Strategieën voor omgaan met niet-aangeboren hersenletsel
Er zijn verschillende strategieën die kunnen helpen bij het omgaan met niet-aangeboren hersenletsel, zoals het gebruik van agenda's, herinneringen instellen en regelmatige pauzes nemen.

Slide 9 - Tekstslide

Beschrijf de verschillende strategieën en vraag de studenten of ze nog andere suggesties hebben.
Communicatie met iemand met niet-aangeboren hersenletsel
Communicatie kan moeilijk zijn voor mensen met niet-aangeboren hersenletsel. Het is belangrijk om duidelijk en langzaam te spreken en te zorgen voor een rustige omgeving.

Slide 10 - Tekstslide

Beschrijf hoe je kunt communiceren met iemand met niet-aangeboren hersenletsel en vraag de studenten of ze nog andere suggesties hebben.
Voorbeelden van niet-aangeboren hersenletsel
Voorbeelden van niet-aangeboren hersenletsel zijn een beroerte, hersentumor, traumatisch hersenletsel, zuurstofgebrek tijdens de geboorte en infecties zoals meningitis.

Slide 11 - Tekstslide

Geef voorbeelden van niet-aangeboren hersenletsel en vraag de studenten of ze nog andere voorbeelden kunnen noemen.
Quiz
Test je kennis over niet-aangeboren hersenletsel met deze quiz.

Slide 12 - Tekstslide

Geef de studenten een quiz om hun kennis over niet-aangeboren hersenletsel te testen.
Evaluatie
Geef feedback over de les en vraag de studenten om de belangrijkste punten van de les op te schrijven.

Slide 13 - Tekstslide

Evalueer de les en vraag de studenten om de belangrijkste punten van de les op te schrijven.
Schrijf 3 dingen op die je deze les hebt geleerd.

Slide 14 - Open vraag

De leerlingen voeren hier drie dingen in die ze in deze les hebben geleerd.
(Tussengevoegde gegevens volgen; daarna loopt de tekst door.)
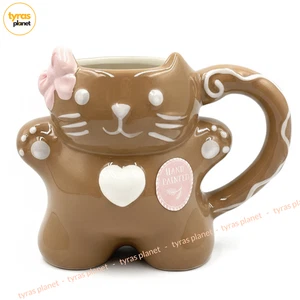 Pfefferminze und Kiefer Lebkuchen Katze Urlaub Figur Becher Weihnachten 2025 NEU - Bild 1 von 10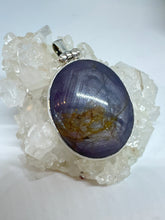 Ruby star large pendant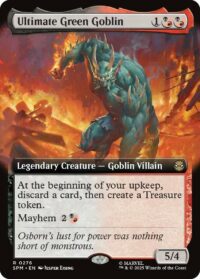 Ultimate Green Goblin (Extended Art) (Foil) - #276 - Rare - Inglés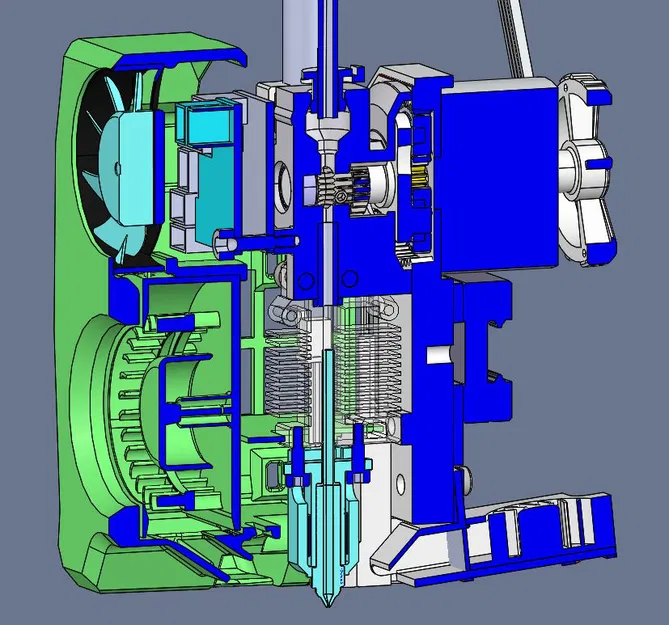 Nắp shroud CN3D Sovol SV08 cho quạt 4010 - Image 3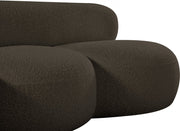 Venti 65" Boucle Fabric Upholstered Loveseat in Brown - 140Brown-L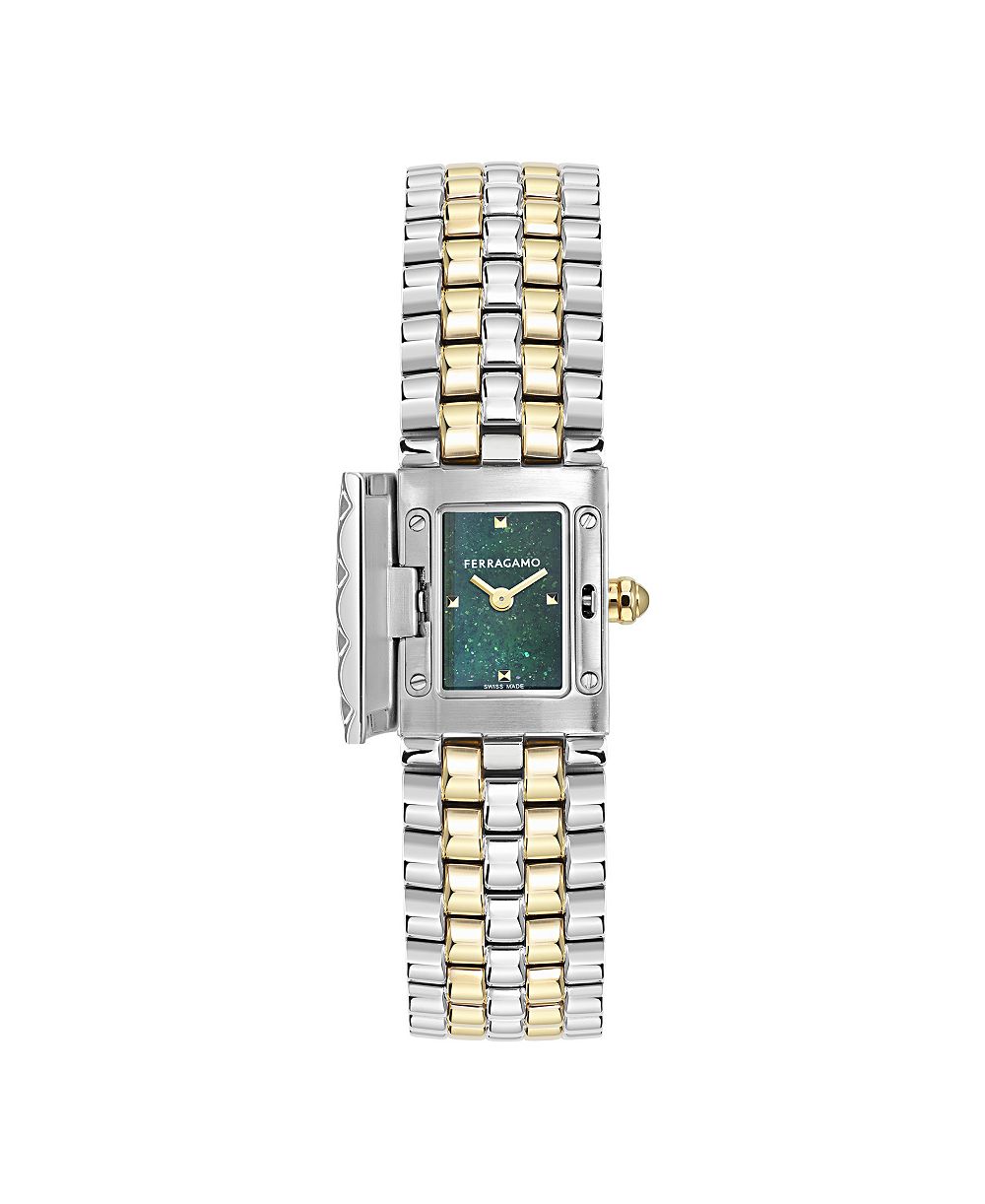 Ferragamo Women's Duo Mini Two-Tone Stainless Steel Bracelet Watch 18.5mm x 20mm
Hiermee geven ze aan wat hun eigen leerrendement van deze les is.
Schrijf 2 dingen op waarover je meer wilt weten.

Slide 15 - Open vraag

De leerlingen voeren hier twee dingen in waarover ze meer zouden willen weten. Hiermee vergroot je niet alleen betrokkenheid, maar geef je hen ook meer eigenaarschap.
Stel 1 vraag over iets dat je nog niet zo goed hebt begrepen.

Slide 16 - Open vraag

De leerlingen geven hier (in vraagvorm) aan met welk onderdeel van de stof ze nog moeite. Voor de docent biedt dit niet alleen inzicht in de mate waarin de stof de leerlingen begrijpen/beheersen, maar ook een goed startpunt voor een volgende les.